En effet, la sensibilité médiévale est surtout attentive au cycle régulier des fêtes et des saisons. La plupart des hommes n'ont du temps qu'une expérience concrète : le temps est avant tout celui de la nature, manuellement rythmé par les travaux des champs et par la nécessité d'acquitter les redevances seigneuriales.
Les saisons succèdent aux saisons et les occupations humaines ( labours, semailles, récoltes, repos des sols... ) sont la forme la plus visible de l'écoulement du temps. Par suite l'idée de temps est représentée dans l'imagerie romane notamment par les saisons et les signes du zodiaque.
Au XIIIe siècle,
Barthélemy l'Anglais et Matfre Ermengaud relatent à leur tour ces scènes d'activités saisonnières dans leurs compilations encyclopédiques.


 Enluminure des Notices astronomiques de Vienne,
manuscrit composé à Salzbourg, début du IXe siècle ( entre 809 et 818 ?)
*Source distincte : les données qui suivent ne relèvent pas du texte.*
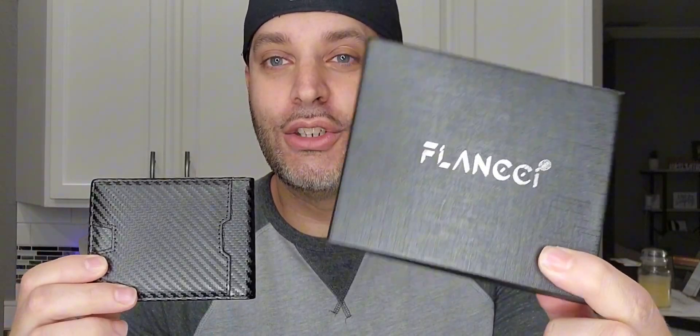Hey guys, so I was just gifted this men's slim wallet by Flanshee. This is the packaging that it comes in — a nice little packaging.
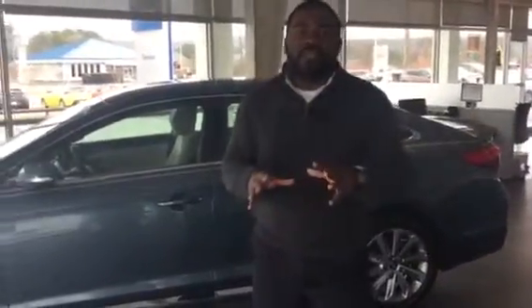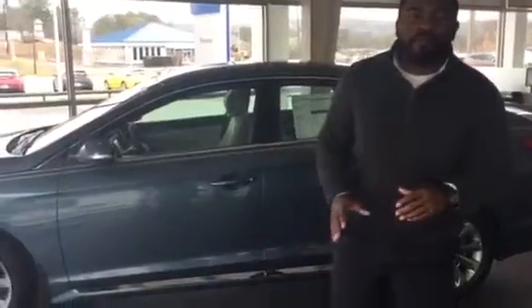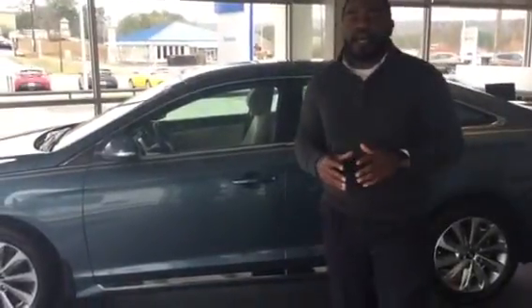Good morning John. This is Jay Johnson here at Tamron Hyundai. I want to first thank you for the inquiry about one of our very beautiful 2016 Hyundai Sonatas.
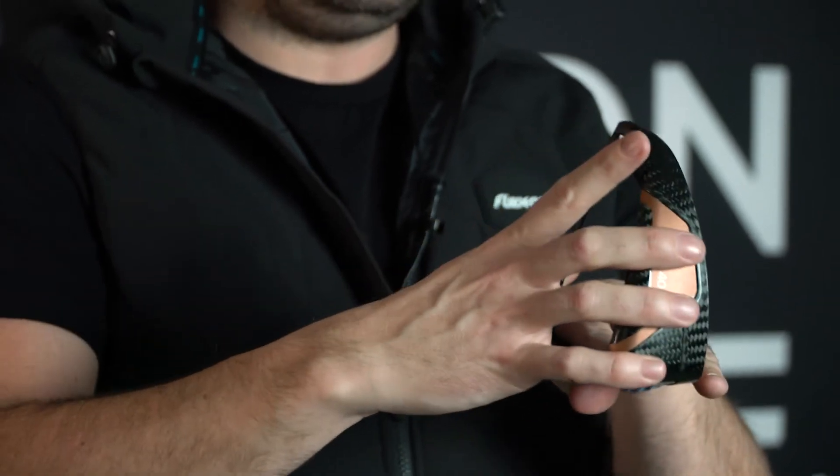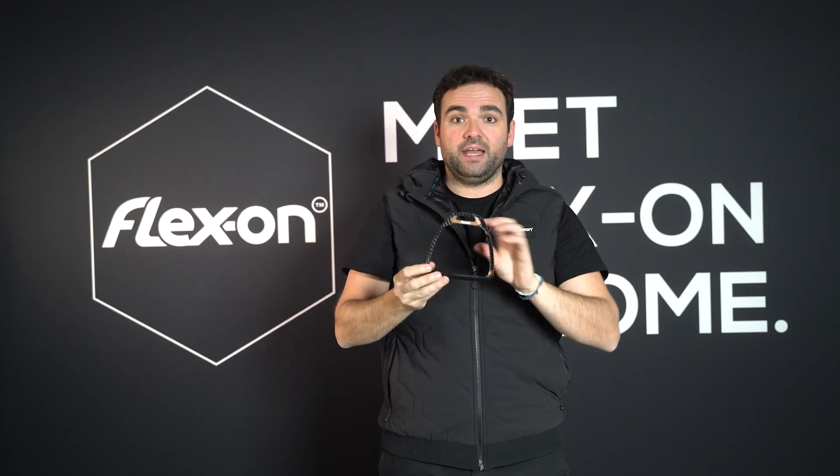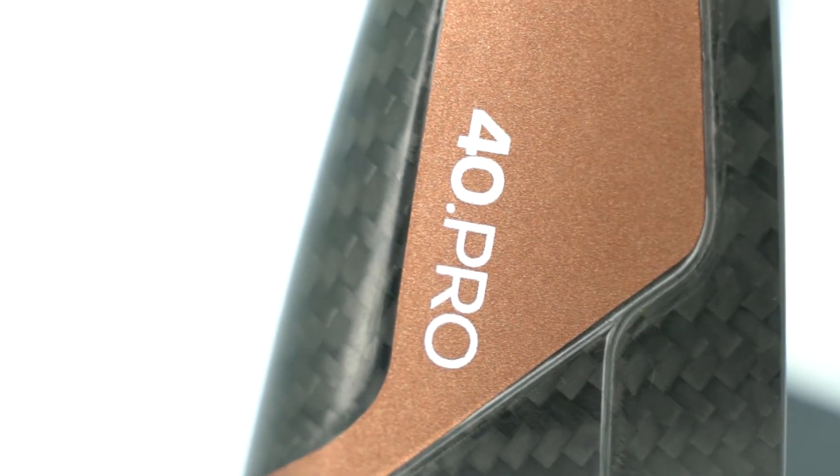You have two possibilities to ride this carbon stirrups: the lateral way or the traditional way. You can customize the stirrups at the top and to the side.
Les travaux des saisons relient la vie céleste et les activités terrestres. Les calendriers figurés dans les églises conservent ainsi le souvenir d'une spiritualité intimement liée aux gestes les plus quotidiens de l'homme médiéval. Peut-être peut-on aller jusqu'à dire que, pour les femmes et les hommes de l'époque romane, le temps qu'il fait l'emporte sur le temps qui passe qu'ils savent difficilement apprécier et puis, le temps n'appartient-il pas à l'institution ecclésiale qui règle les grands moments de leur existence ?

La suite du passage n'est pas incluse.